Spurred by what is generally referred to as the replication crisis in psychology, replication research has become more prominent in psychological sciences. During the past decade or so, several large-scale replication initiatives have been conducted to test the replicability of important research findings (e.g., Klein et al., 2014; Open Science Collaboration, 2012, 2015). To put it simply, these initiatives have produced disappointing results with respect to the replicability of psychological research. For some, the widespread increase in the attempt to replicate scientific results is a positive step toward improving the credibility of scientific knowledge (Munafò et al., 2017; Vazire, 2018; Vazire et al., 2022).
Replications can be conducted to assess the credibility of the original finding by comparing it with the replication (e.g., Open Science Collaboration, 2012, 2015). The logic of replications can appear deceptively simple: Conduct an original study followed by a replication and then assess if the result of the replication is consistent with the original study. However, comparing results across studies to ascertain their agreement presents researchers with statistical considerations that are not present when testing hypotheses within individual studies. Specifically, what criterion should be used to determine if results are consistent or inconsistent? In other words, what can be used to determine if the study “successfully replicated” or “failed to replicate”?

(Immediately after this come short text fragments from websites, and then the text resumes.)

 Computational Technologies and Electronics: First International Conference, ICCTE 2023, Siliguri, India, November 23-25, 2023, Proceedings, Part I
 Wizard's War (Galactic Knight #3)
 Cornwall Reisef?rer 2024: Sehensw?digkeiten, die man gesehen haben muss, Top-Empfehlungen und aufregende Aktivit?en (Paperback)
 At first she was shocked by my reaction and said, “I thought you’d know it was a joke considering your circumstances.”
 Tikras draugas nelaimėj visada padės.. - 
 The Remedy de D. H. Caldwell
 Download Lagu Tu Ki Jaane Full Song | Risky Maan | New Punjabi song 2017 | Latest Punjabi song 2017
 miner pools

When considering the replication question, it is important to distinguish between “replication” and “reproduciblity.” Unfortunately, these two terms are often used interchangeably. Replication research is generally understood to involve rerunning studies and collecting and analyzing new data (Peng et al., 2006). In contrast, reproducibility generally refers to the ability of a researcher to generate the same results of a study from the same raw data (Goodman et al., 2016; Gundersen, 2021; Patil et al., 2019; Plesser, 2018).
When it comes to replications, some of the popular replication initiatives in psychology have explicitly acknowledged that, “There is no single standard for evaluating replication success” (Open Science Collaboration, 2015, p. 943) and employed multiple criteria to evaluate correspondence across studies (Open Science Collaboration, 2012, 2015). However, in practice, replication success is often determined by examining if the replication study found a statistically significant result in the same direction as the original study (Anderson & Maxwell, 2016). Some authors have highlighted the limitations of relying on statistical significance to evaluate replication success and have proposed statistical alternatives to examining statistical significance (e.g., Anderson & Maxwell, 2016; Maxwell et al., 2015; Spence & Stanley, 2016). At the same time, some researchers have proposed frameworks evaluating replication consistency by comparing two studies’ results using confidence intervals (CIs; e.g., LeBel et al., 2019), whereas others have proposed Bayesian alternatives (e.g., Verhagen & Wagenmakers, 2014).
The computation of prediction intervals has been proposed and used as a method to assess the inconsistency of results between an original study and a replication (e.g., Patil et al., 2016; Spence & Stanley, 2016). Although lesser known than other approaches, prediction intervals are useful in that they provide researchers with a statistical method for determining a range of results that might reasonably occur in a replication because of sampling error. In the current article, we outline how prediction intervals can be computed and interpreted in the context of replications. We show how the results of a replication study can be statistically classified as inconsistent with the original study. Practical examples for prediction intervals, formulas, and R code are presented herein.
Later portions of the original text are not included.